● **Exercise description**
Find "Уличный столбик Ideal Lux Boeing pt h040" in the material, then return exactly the line containing it and all lines after it to the end, leaving out pictures.
(Records for this task Opens)
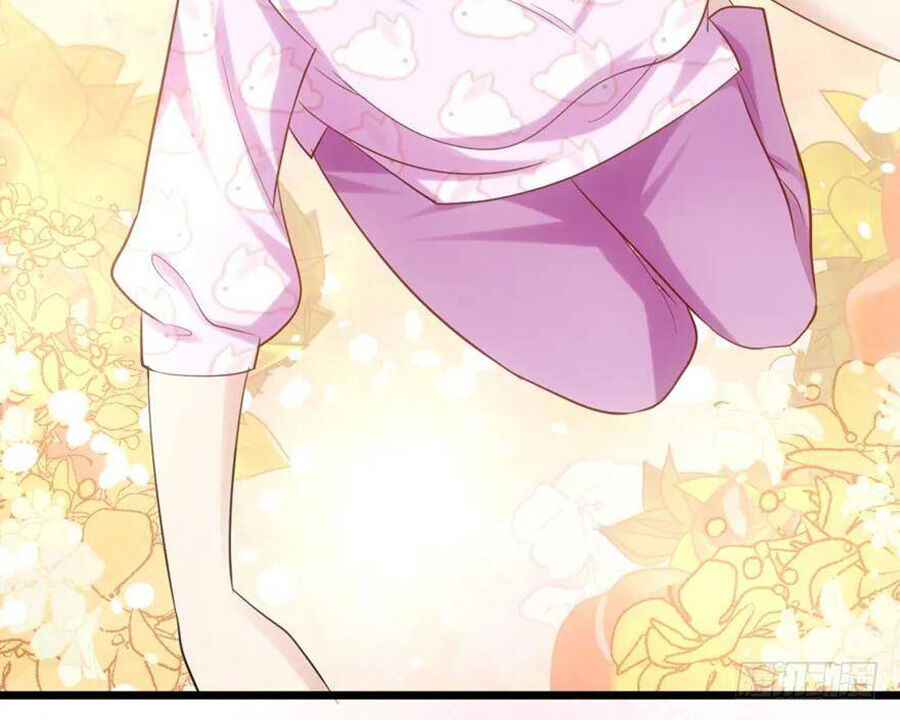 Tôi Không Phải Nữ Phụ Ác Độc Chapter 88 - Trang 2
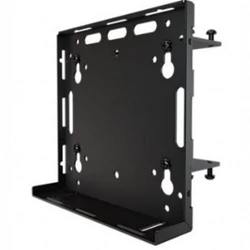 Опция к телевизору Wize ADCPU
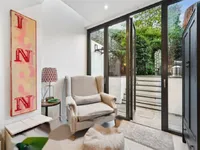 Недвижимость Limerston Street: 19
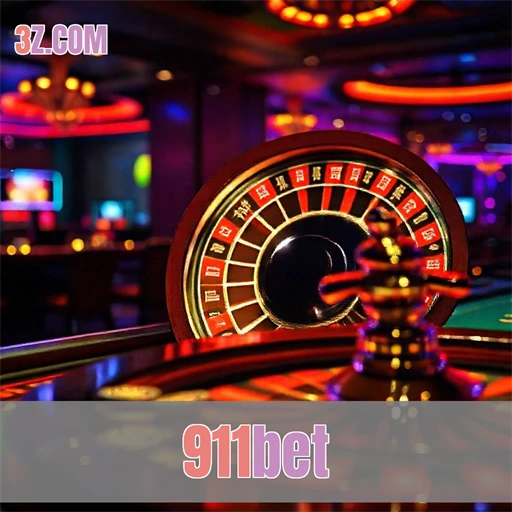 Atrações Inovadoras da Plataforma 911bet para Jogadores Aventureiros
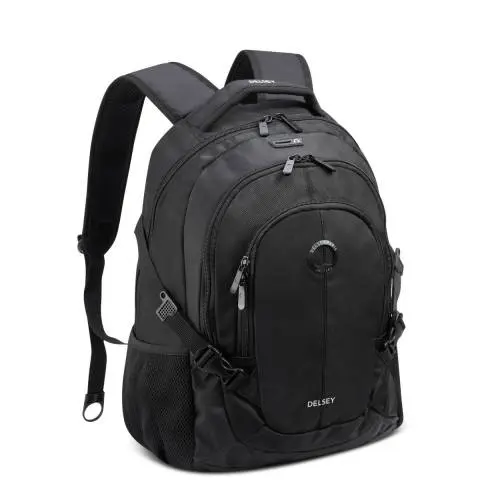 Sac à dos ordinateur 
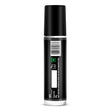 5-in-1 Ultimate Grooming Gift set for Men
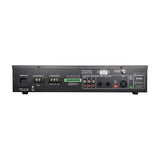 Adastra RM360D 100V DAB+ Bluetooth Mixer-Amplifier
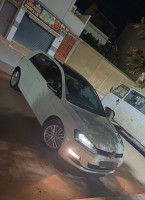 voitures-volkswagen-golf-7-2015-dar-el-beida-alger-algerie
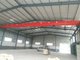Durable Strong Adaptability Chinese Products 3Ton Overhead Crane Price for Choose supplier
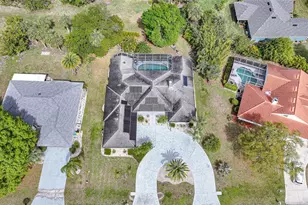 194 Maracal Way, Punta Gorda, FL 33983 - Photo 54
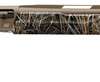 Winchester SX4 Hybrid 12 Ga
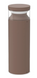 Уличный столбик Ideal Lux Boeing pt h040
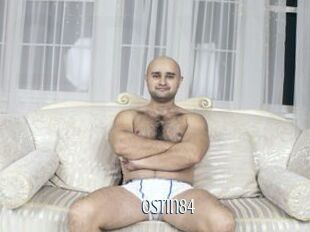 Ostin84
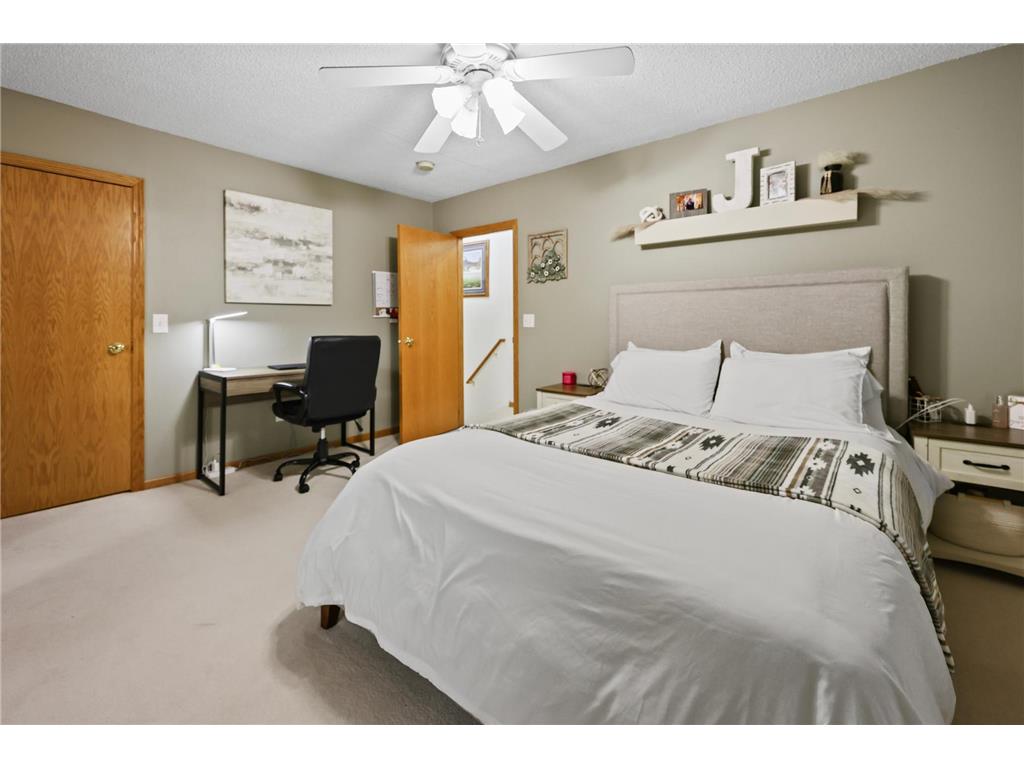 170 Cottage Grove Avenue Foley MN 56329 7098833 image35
(Records for this task Closes)
● **Task answer**
 Уличный столбик Ideal Lux Boeing pt h040
 Ostin84
 170 Cottage Grove Avenue Foley MN 56329 7098833 image35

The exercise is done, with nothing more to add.